The data:

----

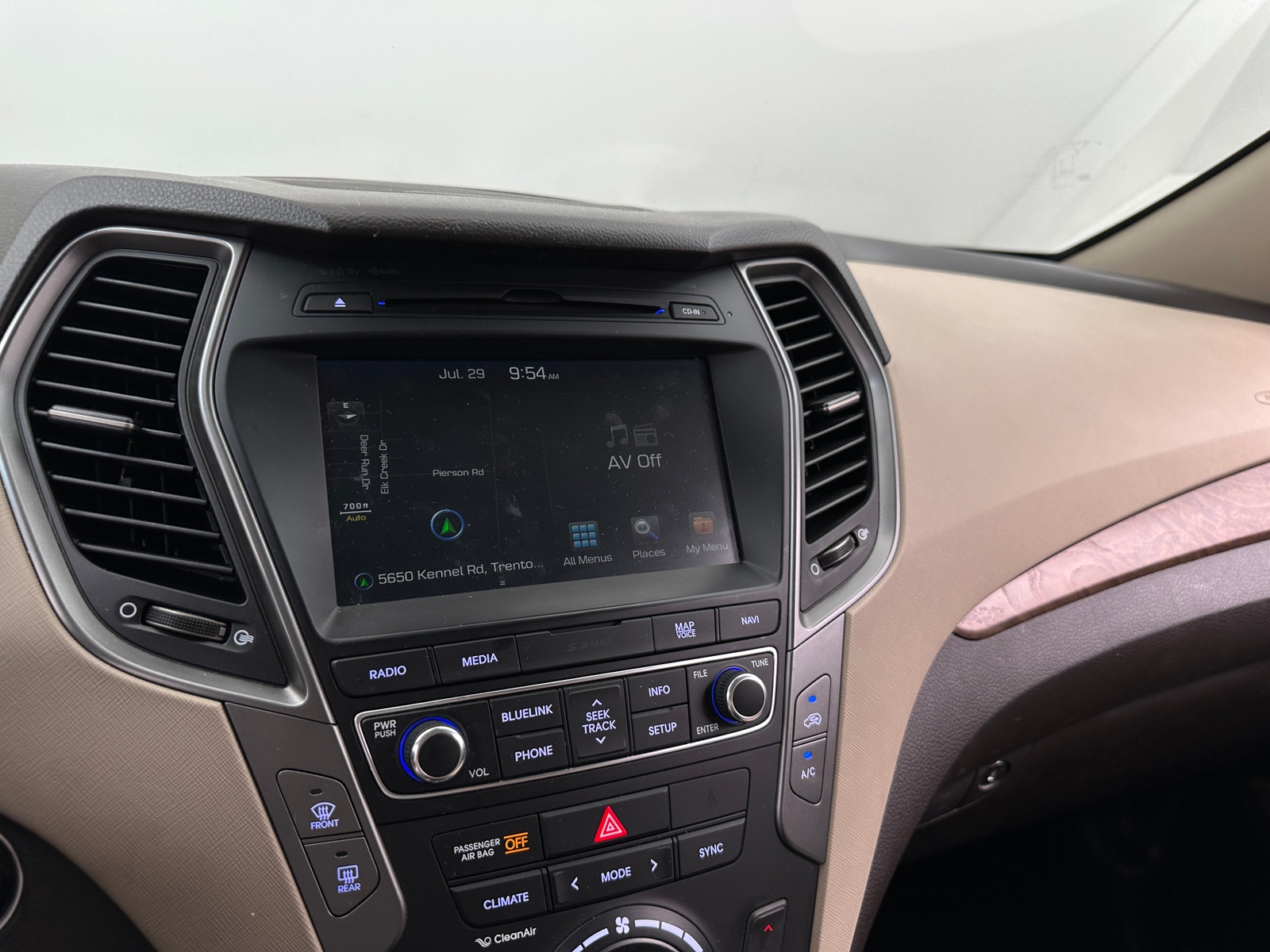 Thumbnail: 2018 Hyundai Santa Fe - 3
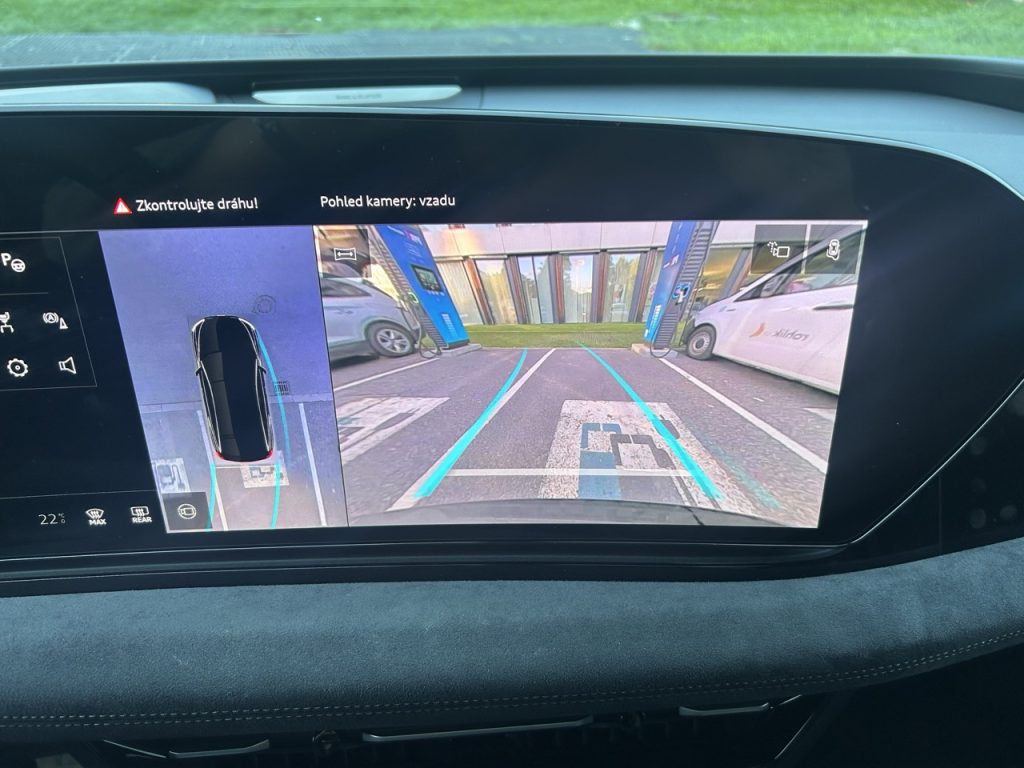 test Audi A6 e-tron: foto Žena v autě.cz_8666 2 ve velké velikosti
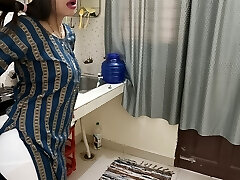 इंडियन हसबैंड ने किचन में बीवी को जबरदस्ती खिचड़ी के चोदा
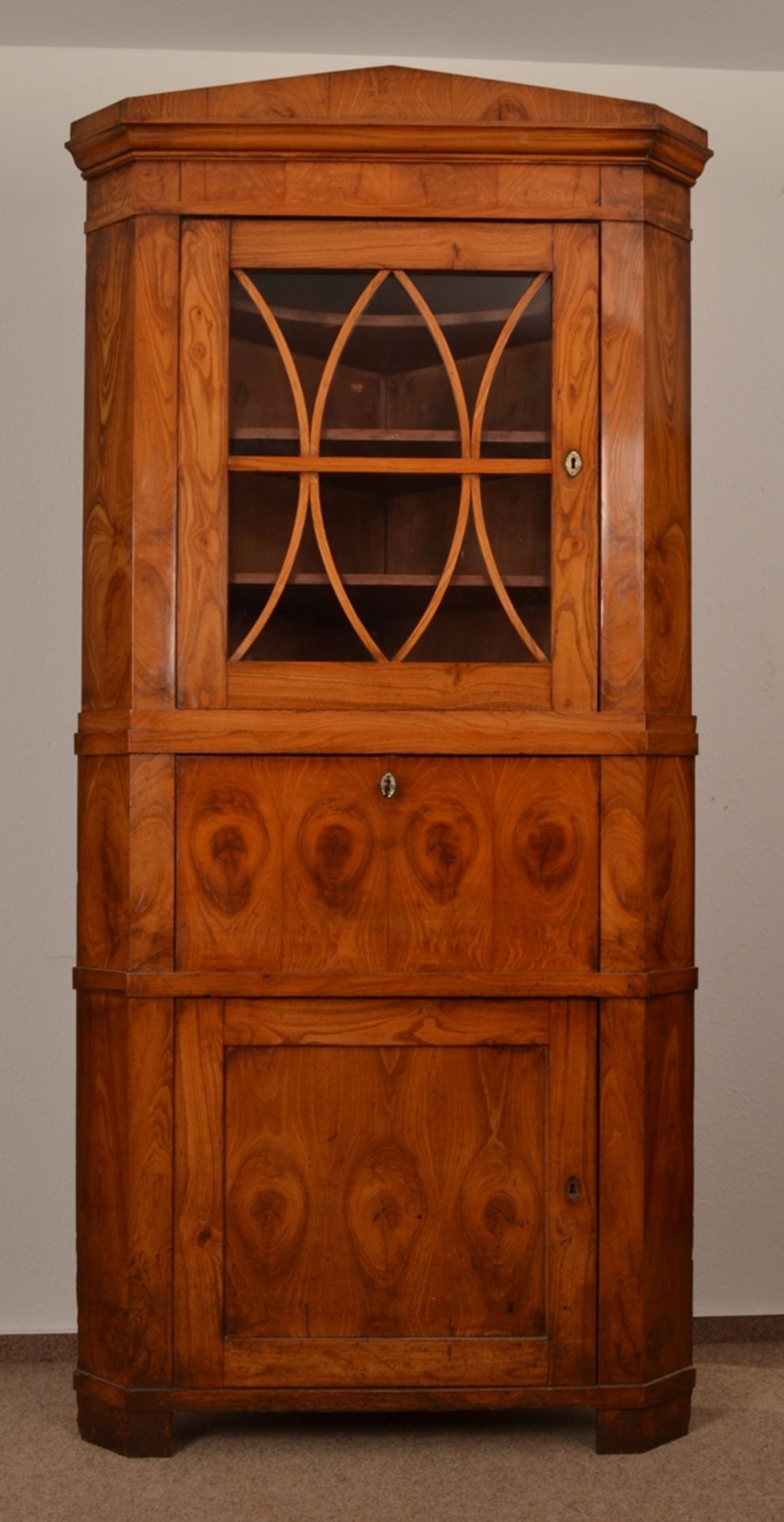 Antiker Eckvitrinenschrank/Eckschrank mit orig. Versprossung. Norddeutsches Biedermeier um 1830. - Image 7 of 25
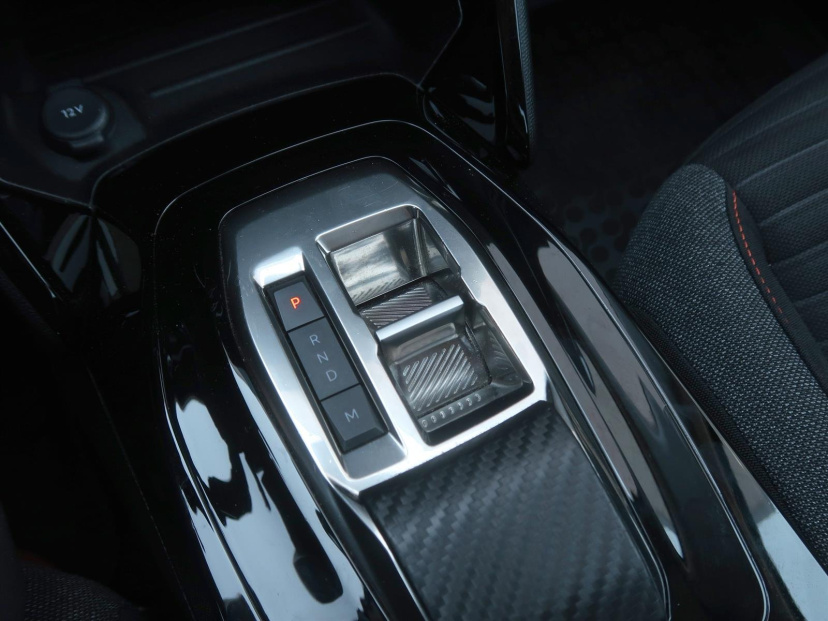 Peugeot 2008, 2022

----

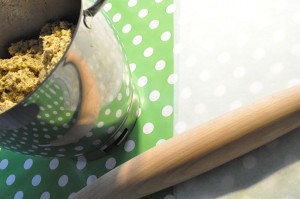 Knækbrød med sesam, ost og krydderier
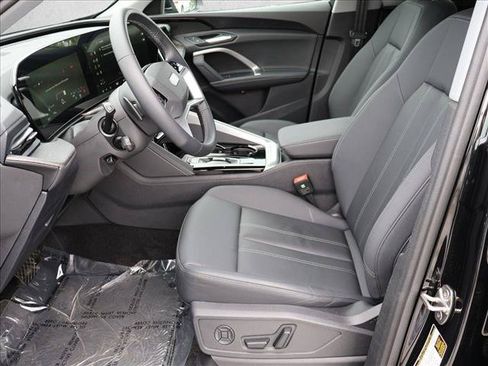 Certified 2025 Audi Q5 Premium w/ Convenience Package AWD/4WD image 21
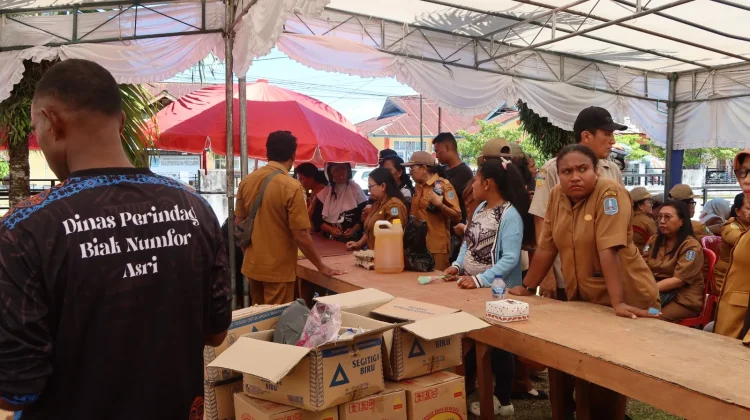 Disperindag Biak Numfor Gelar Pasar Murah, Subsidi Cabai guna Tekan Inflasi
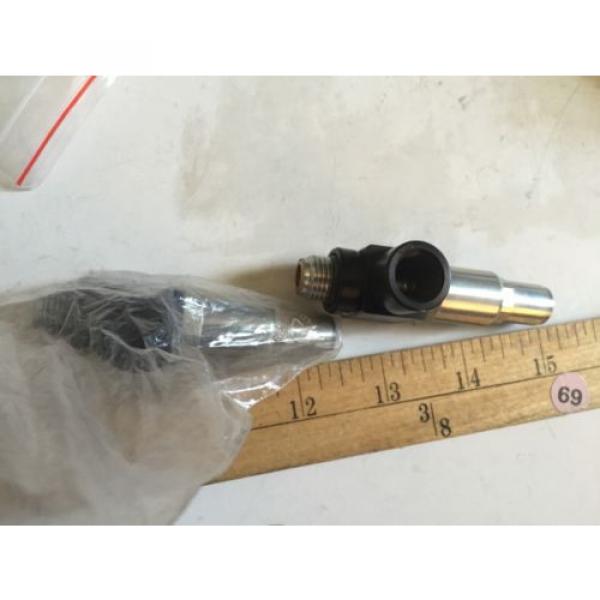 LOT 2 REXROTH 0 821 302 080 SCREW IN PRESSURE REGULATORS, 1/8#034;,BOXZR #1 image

----

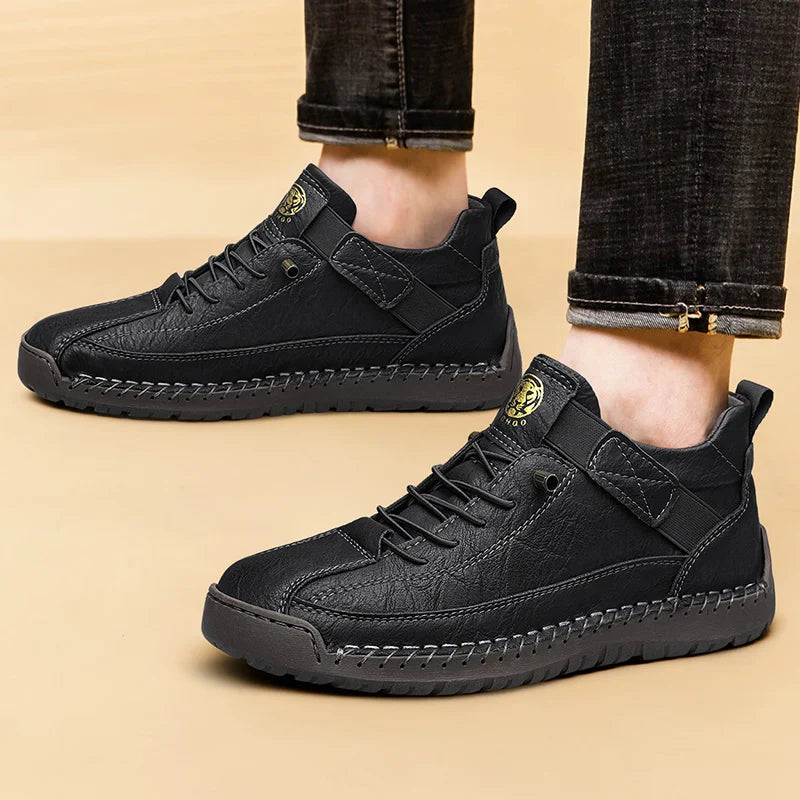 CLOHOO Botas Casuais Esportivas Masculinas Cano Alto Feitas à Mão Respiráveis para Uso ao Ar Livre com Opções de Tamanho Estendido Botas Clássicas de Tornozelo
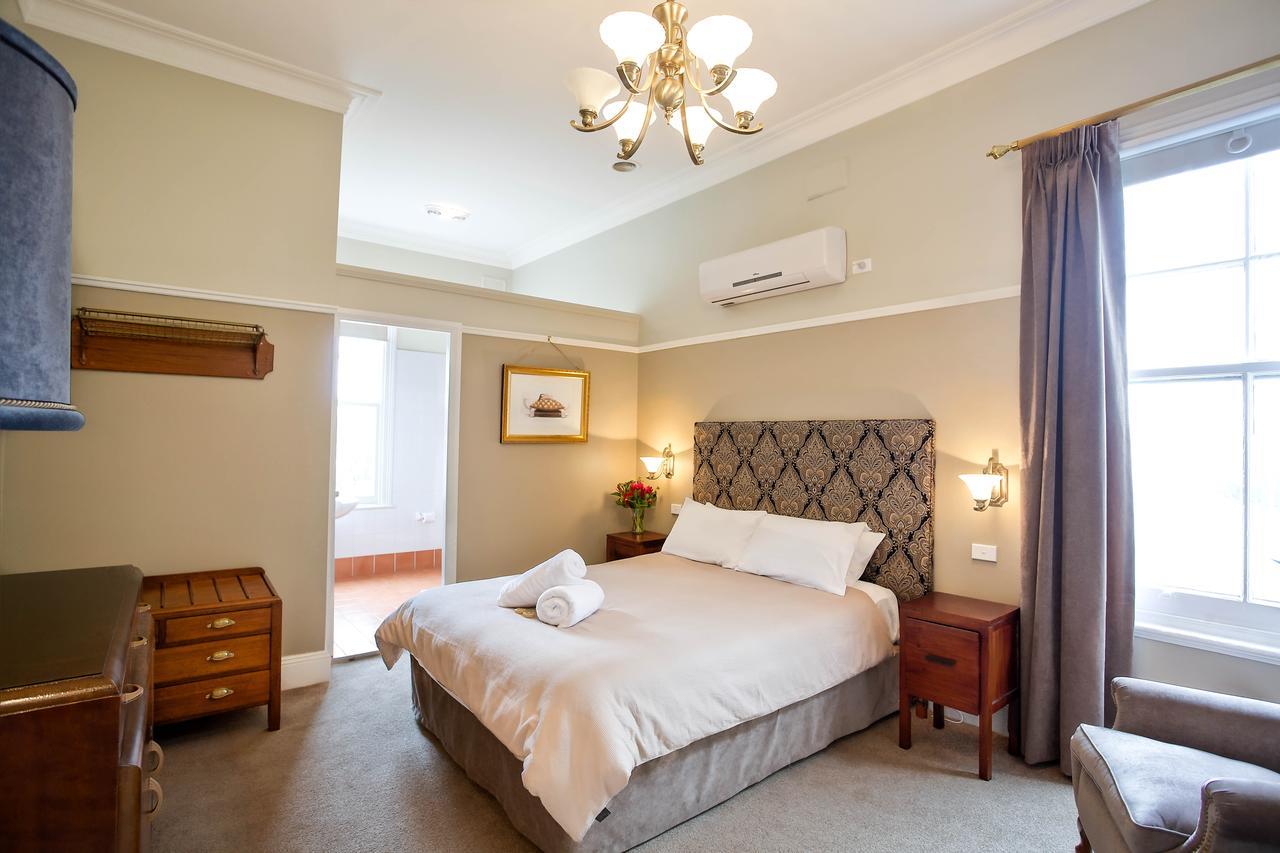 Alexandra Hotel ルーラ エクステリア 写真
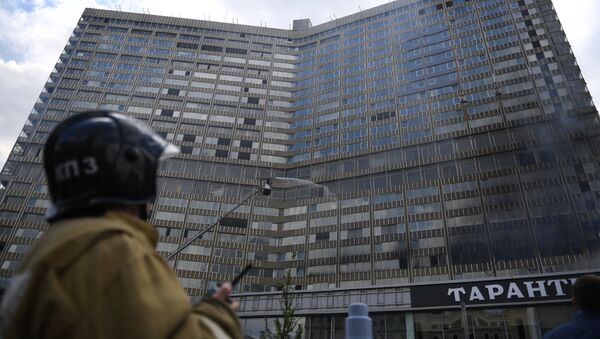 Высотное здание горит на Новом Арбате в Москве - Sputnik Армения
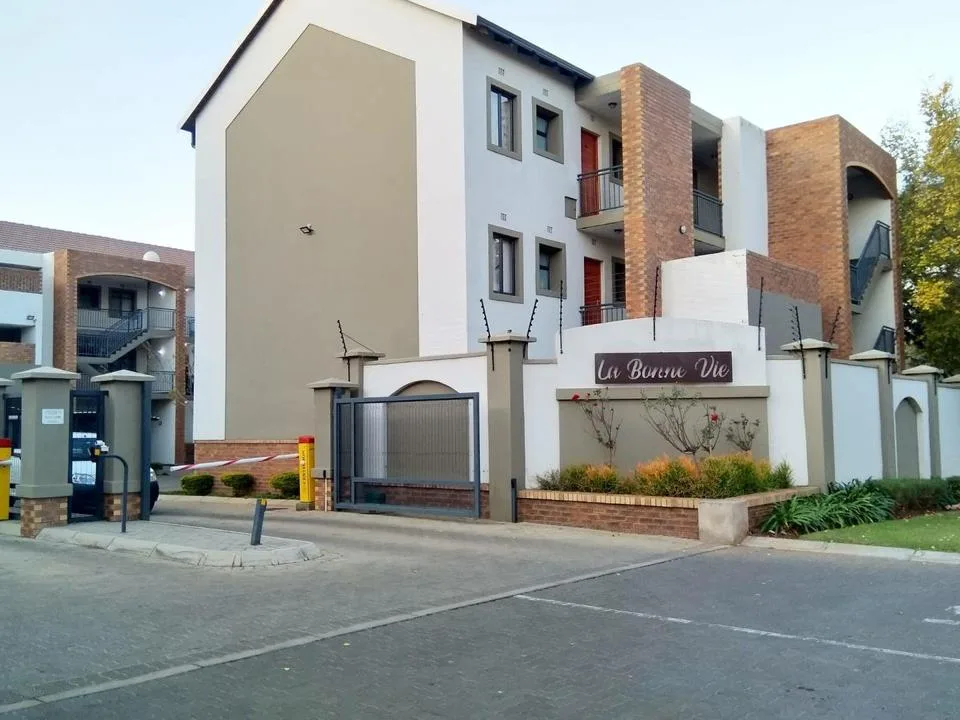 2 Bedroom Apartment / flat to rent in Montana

----

Problem:
Given the listing above, repeat exactly the lines starting at the one with "Disperindag Biak Numfor" and ending at the one with "LOT 2 REXROTH", inclusive, excluding pictures.

Problem solution:
 Disperindag Biak Numfor Gelar Pasar Murah, Subsidi Cabai guna Tekan Inflasi
 LOT 2 REXROTH 0 821 302 080 SCREW IN PRESSURE REGULATORS, 1/8#034;,BOXZR #1 image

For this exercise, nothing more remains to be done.